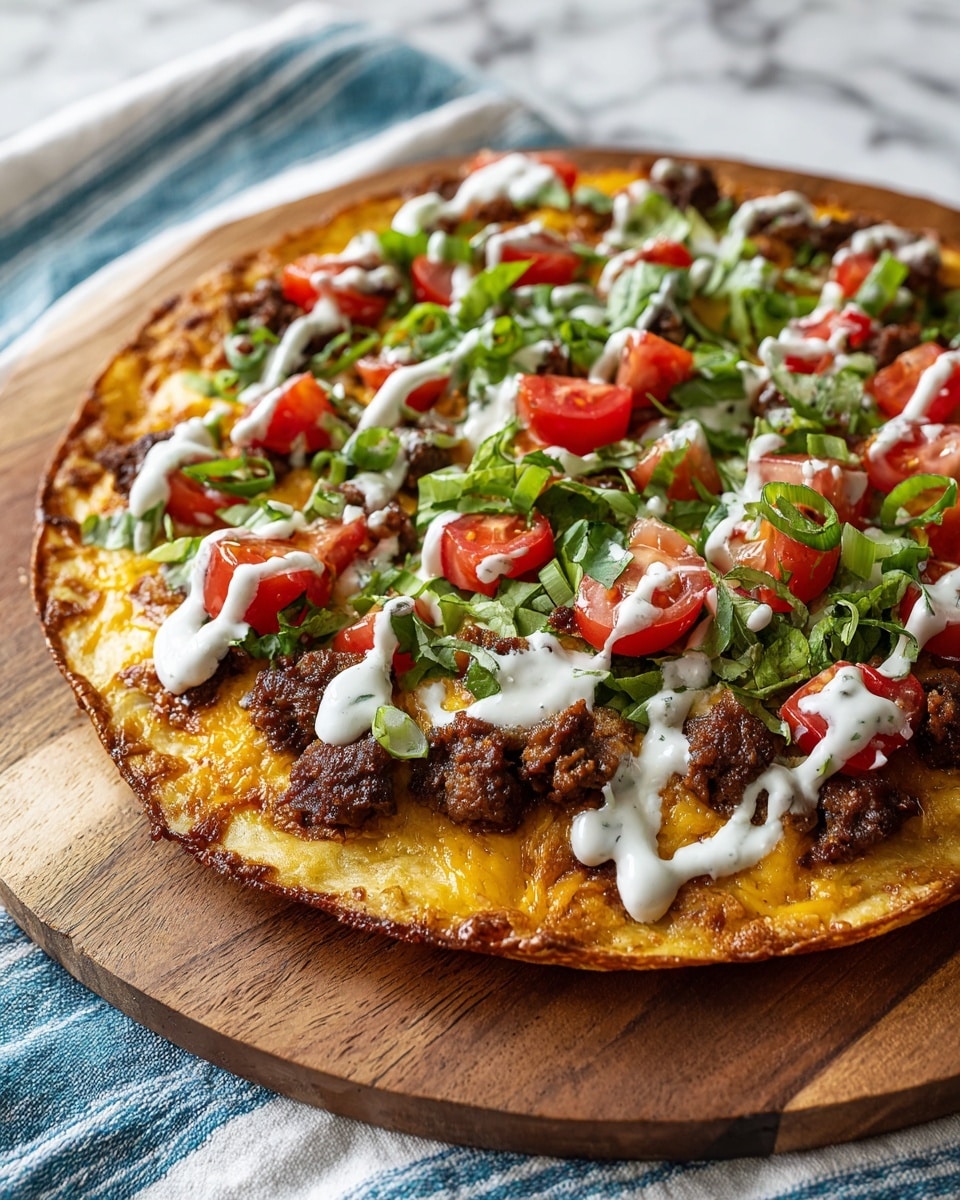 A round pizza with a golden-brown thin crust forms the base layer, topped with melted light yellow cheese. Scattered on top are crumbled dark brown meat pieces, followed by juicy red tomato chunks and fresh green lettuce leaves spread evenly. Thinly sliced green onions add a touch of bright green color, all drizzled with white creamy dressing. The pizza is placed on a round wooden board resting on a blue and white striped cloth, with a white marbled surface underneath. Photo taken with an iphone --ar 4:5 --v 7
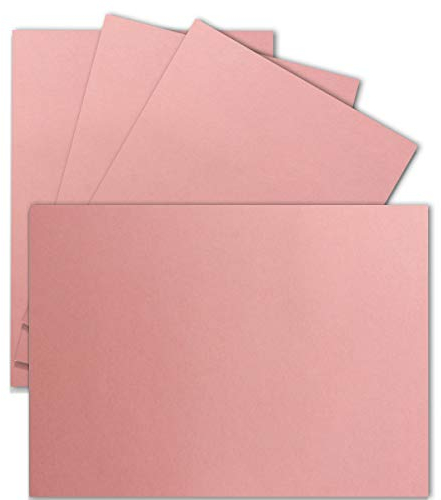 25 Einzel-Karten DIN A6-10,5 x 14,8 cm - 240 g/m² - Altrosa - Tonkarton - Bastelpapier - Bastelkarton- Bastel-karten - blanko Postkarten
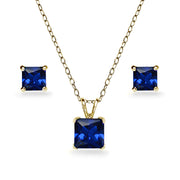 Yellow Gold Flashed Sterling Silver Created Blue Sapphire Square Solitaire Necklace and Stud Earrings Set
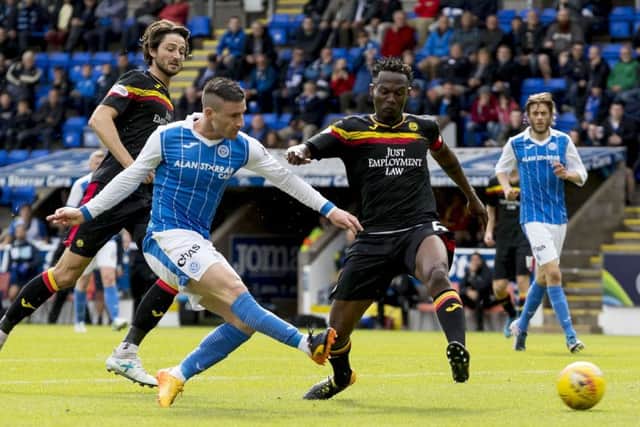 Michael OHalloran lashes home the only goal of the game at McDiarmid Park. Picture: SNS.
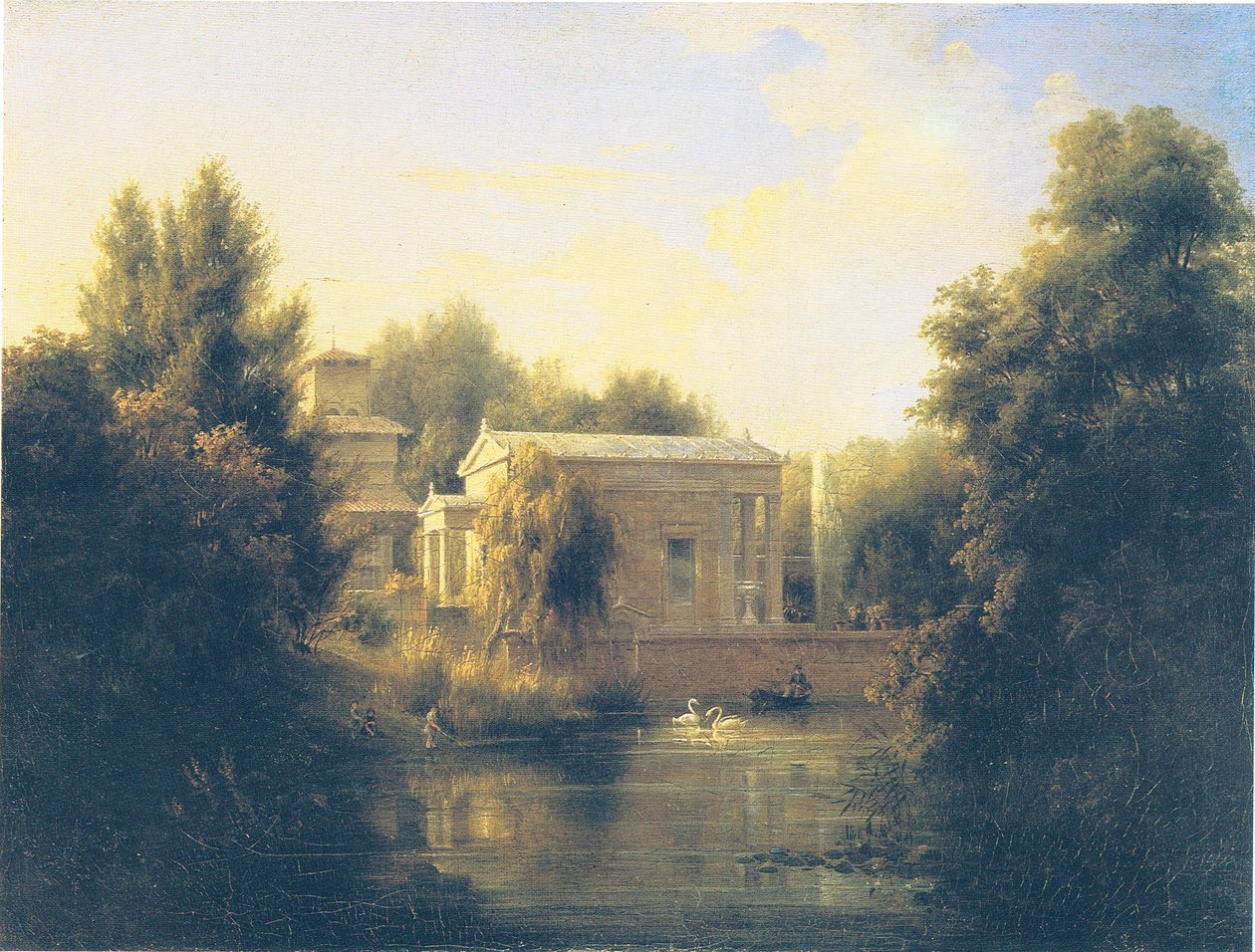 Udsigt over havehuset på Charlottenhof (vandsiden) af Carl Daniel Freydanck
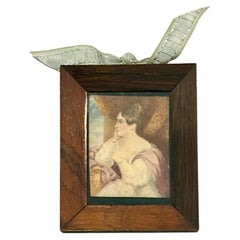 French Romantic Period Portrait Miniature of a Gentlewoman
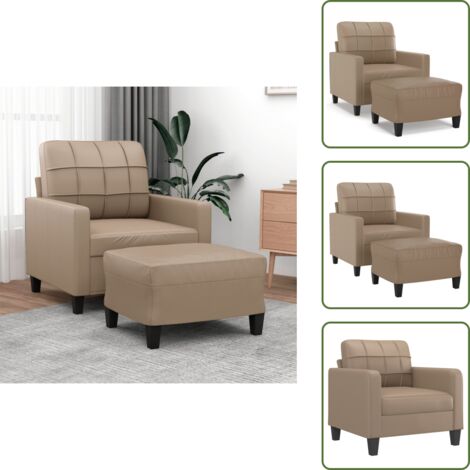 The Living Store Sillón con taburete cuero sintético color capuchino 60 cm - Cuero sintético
________________________
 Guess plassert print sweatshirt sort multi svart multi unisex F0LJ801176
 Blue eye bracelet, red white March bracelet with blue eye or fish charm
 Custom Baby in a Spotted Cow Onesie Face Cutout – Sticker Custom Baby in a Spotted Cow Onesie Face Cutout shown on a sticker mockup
________________________
- **Exercise prompt**
Within these entries, output exactly the lines starting at the one with "Michael OHalloran lashes" and finishing at the one with "The Living Store". Leave pictures out of the output.

- **Solution for this problem**
 Michael OHalloran lashes home the only goal of the game at McDiarmid Park. Picture: SNS.
 Udsigt over havehuset på Charlottenhof (vandsiden) af Carl Daniel Freydanck
 French Romantic Period Portrait Miniature of a Gentlewoman
 The Living Store Sillón con taburete cuero sintético color capuchino 60 cm - Cuero sintético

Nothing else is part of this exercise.